Trump nominees already worry civil rights groups
Publish : 15 Nov 2016, 22:32
The nation’s largest civil rights organisation says it will closely monitor President-elect Donald Trump and his incoming administration’s policies and actions to ensure that hard-fought civil rights gains are not lost without a protracted fight, reports the Associated Press.
Seven of the nation’s largest civil rights organisations - the NAACP, the National Urban League, the National Coalition on Black Civic Participation, the Lawyers’ Committee for Civil Rights Under Law, the NAACP Legal Defence and Educational Fund, the Leadership Conference on Civil and Human Rights, and the National Action Network - also criticised the appointment of conservative media executive Stephen Bannon as Trump’s senior counsellor.
The selection of Bannon, a favourite of the ultra-right and white nationalist movement, concerned many of the groups, which said they would be prepared to organise and mobilise if necessary.

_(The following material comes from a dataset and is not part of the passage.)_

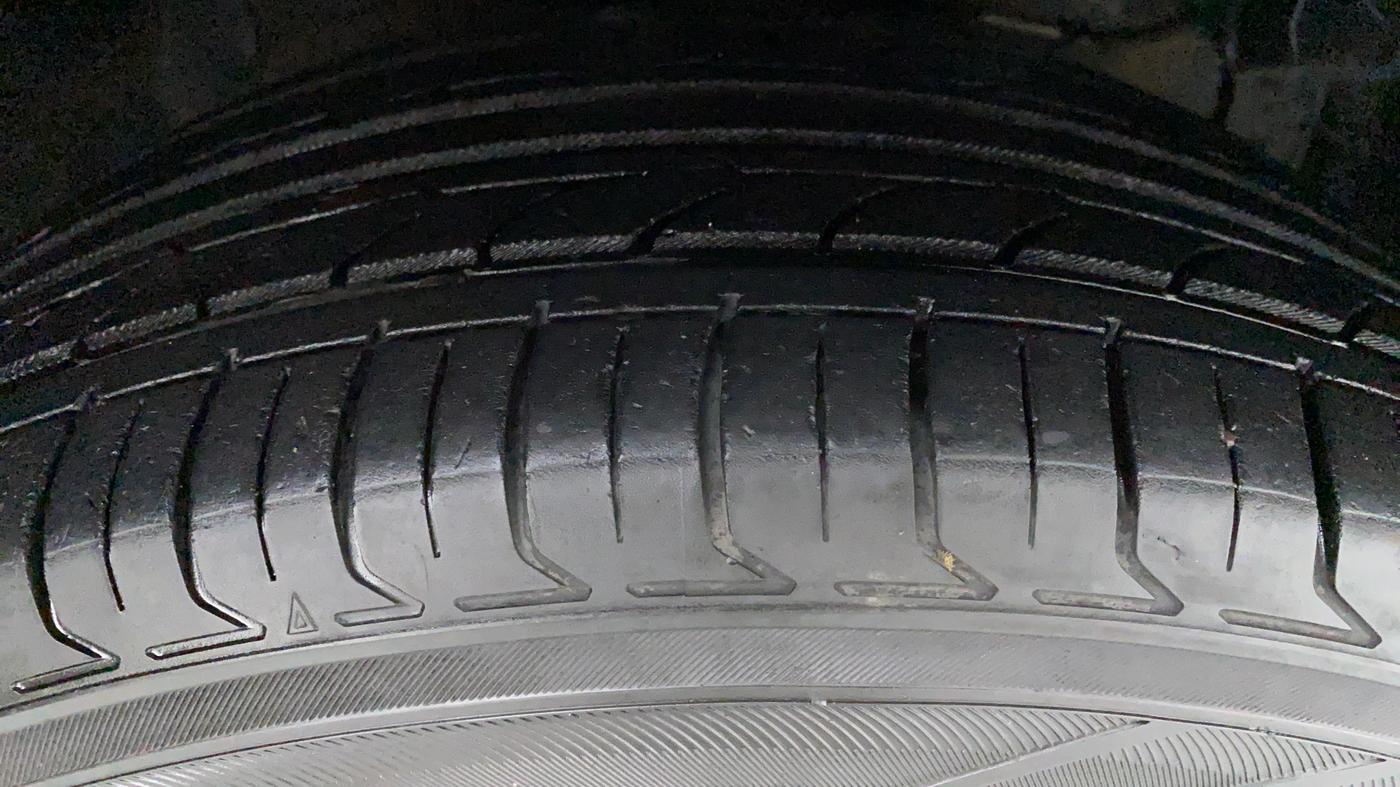 2018 Maruti S Cross ZETA 1.3 SHVS, Diesel, Manual, 50,204 km, Right Front Tyre Tread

With black and Hispanic voters, Trump apparently did as well as Republican Mitt Romney when Romney lost to President Barack Obama in 2012, according to exit polls. Trump appeared to have won more than half of white voters, who made up 70% of the electorate.

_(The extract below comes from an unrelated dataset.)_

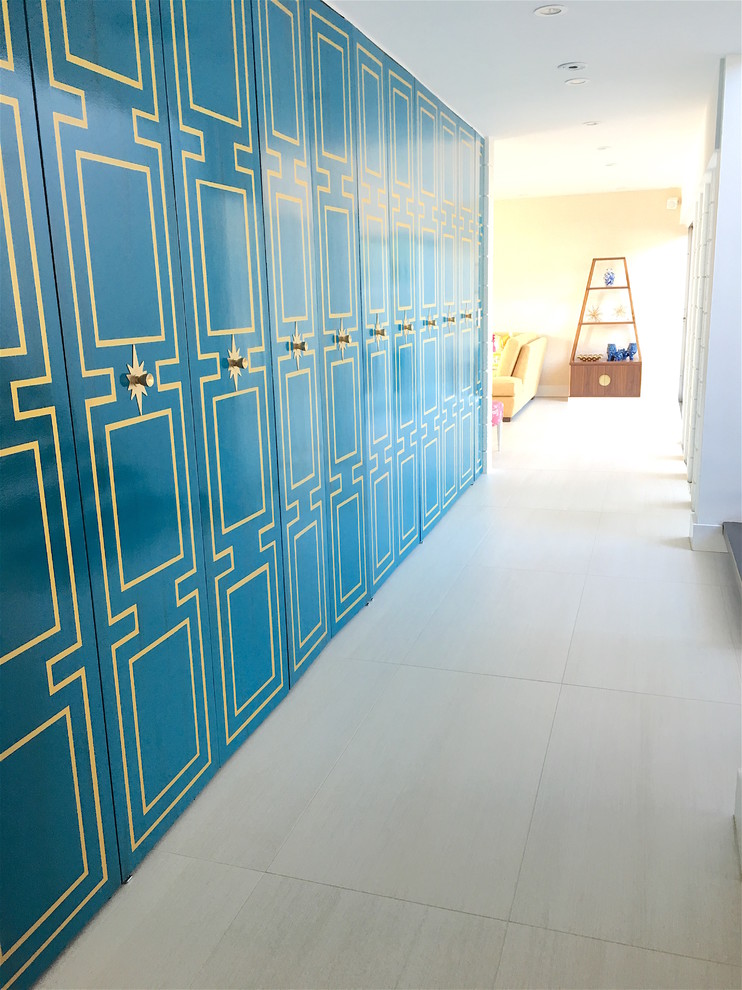 Foto på en mellanstor 50 tals hall, med blå väggar, skiffergolv och vitt golv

The groups said they would wait to see Trump’s actual policies dealing with the inner cities, which the president-elect said he would focus on. There are some areas in which they can work with the Trump administration, but “these seem to be the exceptions rather than the rule,” Henderson said.

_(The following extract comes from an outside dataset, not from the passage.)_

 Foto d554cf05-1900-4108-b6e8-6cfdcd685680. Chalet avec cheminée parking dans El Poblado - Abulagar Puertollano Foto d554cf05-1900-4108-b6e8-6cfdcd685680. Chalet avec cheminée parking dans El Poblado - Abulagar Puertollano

Sherrilyn Ifill, president of the NAACP Legal Defence and Educational Fund, Inc, and Kristen Clarke, president of the Lawyers’ Committee for Civil Rights Under Law, said they would continue to work on voting rights issues under the Trump administration, given they fielded thousands of voting rights complaints - 30,000 on Election Day alone, according to Clarke - during last week’s elections. Fourteen states had new voting or registration restrictions in place for the 2016 presidential election, raising concerns that minority voters in particular would have a harder time accessing the ballot box.